How is Funding For Small Business Changing?

In the startup world, funding is a prominent part of every day business. In the small business world, it is understood in a slightly different way. Small businesses tend to look for funding in more traditional ways but this is changing. By using a more entrepreneurial mindset, smaller organizations are developing products, targeting a particular customer and/or expanding into new markets. This leads to the conundrum of how to find enough capital to not only stay viable but to also fund expansion.

The global economy and many more localized economies are showing growth

You might say the entrepreneurial mindset is a response to the financial meltdown of 2008 which led to a severe international recession. Currently there are indicators that things are getting better, albeit at a very slow pace. The improvement seen in economies has been hard fought in many ways. For the Eurozone and the US, there is a great deal of damage leftover from the recession and a pervasive sense that nothing will ever be the same again. So, now small and large companies are starting to venture forth again to expand their operations. Just this past week, there was a blockbuster deal in the semiconductor industry between Applied Materials and Tokyo Electron. But what about smaller companies? How are they going to continue competing?

There is money to be made

Regardless of the economy, there is always a company recognizing an opportunity and acting on it. And…the company needs capital to act on this opportunity. However, one of the last results of the recession is that banks are more skittish to lend money.

What are the options?

Banks: Banks are still one of the primary sources of funding for smaller organizations. In a Businessweek article, the bigger US banks reported that lending is up. However, the European Central Bank continues to report shrinking lending to businesses.

Investors:  Pitching to angel investors or venture capitalists can be a way for small businesses to raise money for a product launch or other type of expansion.
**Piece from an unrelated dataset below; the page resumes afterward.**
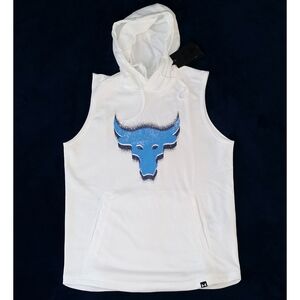 Under Armour UA Project Rock Q2 Payoff Sleeveless Hoodie Mens White 1383302-100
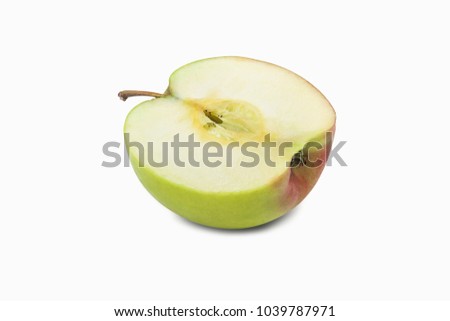 Half fresh juicy apple on a white background.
Small Business Administration (SBA) and govermental agencies: There is always rhetoric about how small businesses are the backbone of a nation’s economy. Agencies like the SBA in the US and enterprise boards can be a good way for small companies to get both advice and funding at reasonable rates.

There is a growing need for alternative funding for established small businesses. Here are some of the other options:

Peer lending: This is a growing trend in investing and business lending. Rather than putting money in a mutual fund, stocks, bonds and the like, investors put small to larger amounts of money into a fund that becomes a loan for small businesses. The loan is managed just like any other loan with interest and a payment schedule.

Crowdfunding: Basically, it is similar to peer lending but it is more of an investment model than a loan model. The difference here is that contributors are looking for something in return. This can be early access to the product(s) and a return on the investment.

If not banks, who?

As small businesses seek ways to grow, they are going to need capital. Investors and lenders still want to know you are worth the money, no matter what. There is great frustration for those applying for bank loans and unfamiliarity with approaching the alternative funding sources. In some places, there are community based funding (like community development financial institutions in the US) that also support small business growth.

When we look at our own towns or visit other cities, we witness how small businesses are coping. Without making sure they have access to capital, we are creating an environment that cannot support the mom-and-pop stores, lawyers, dentists, specialty firms and the like. So, what options do they have for funding and how useful are they for growing companies?

What, if any, effect did the recession have on how small businesses seeking funding?

What types of funding do you see small business accessing in your locale?

Which funding sources are likely to provide the best financing for growing companes?

Which types of alternative funding do you see as becoming the norm?

What advantages does an established small company have in looking at less traditional forms of funding?




Will Crowdfunding Change How Venture Capitalists Operate?

crowdfunding, venure capitalists, startups, entreprneneurs, small businessesYou’ve got an idea that you’ve turned into a product. Your customers are happy and you’re on the brink of adding more. But your startup hit a major stumbling block. You need capital to expand so you don’t fail with your new customers. If you’re like most entrepreneurs, you make it a point to attend events and meet with angels and venture capitalists. And you start hearing “no.”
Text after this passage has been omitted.